----- Supplied material -----

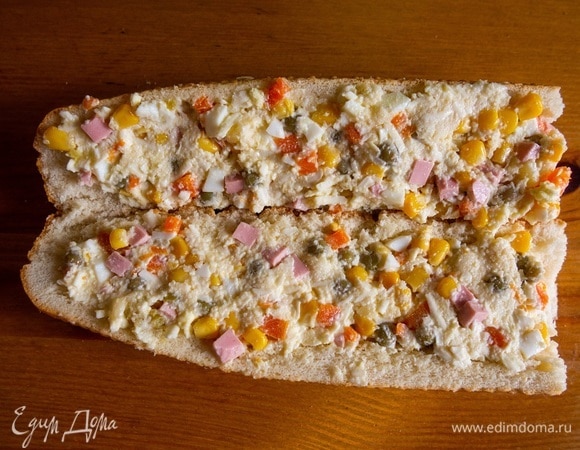 Смесь вложить и утрамбовать в половинки багета.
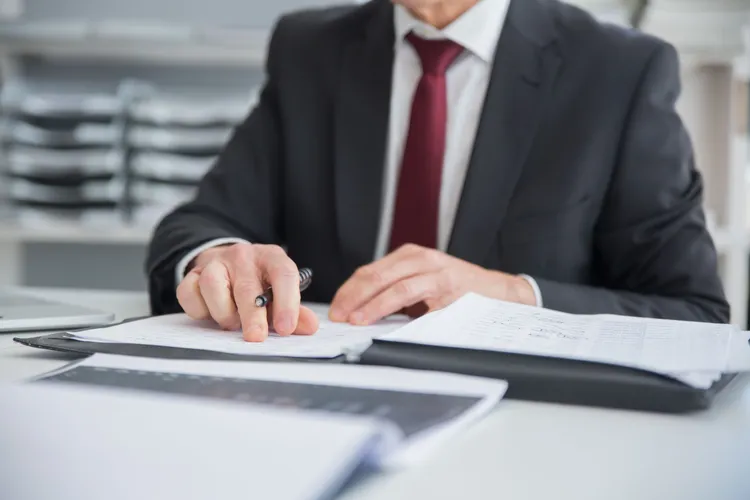 Ajutorul de deces a ajuns la 9.192 de lei în 2026: trei ani la dispoziție pentru depunerea cererii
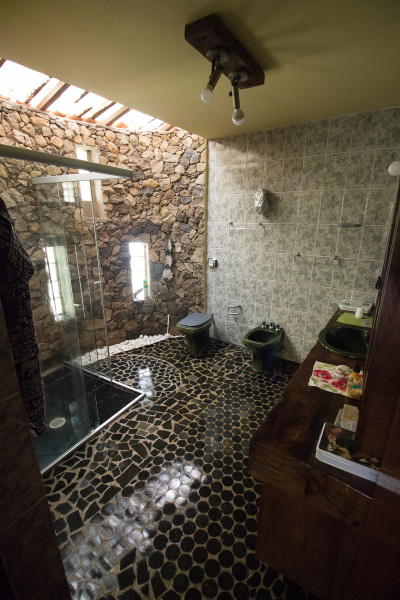 Casa de condomínio à venda Jardim Colibri com 213m² e 3 quartos por R$ 1.300.000 - 1065225387-beinheiro-suite.jpg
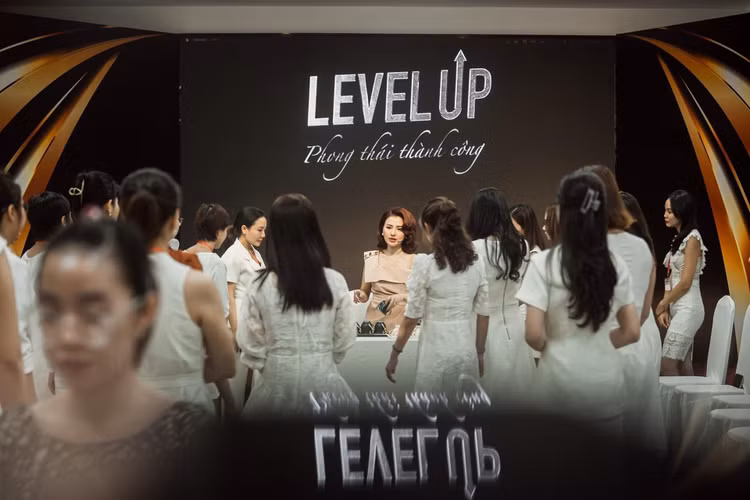 Phụ nữ khí chất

-----

Task instructions: Your answer must be an exact copy of the data above, minus its pictures.

Result of the task:
 Смесь вложить и утрамбовать в половинки багета.
 Ajutorul de deces a ajuns la 9.192 de lei în 2026: trei ani la dispoziție pentru depunerea cererii
 Casa de condomínio à venda Jardim Colibri com 213m² e 3 quartos por R$ 1.300.000 - 1065225387-beinheiro-suite.jpg
 Phụ nữ khí chất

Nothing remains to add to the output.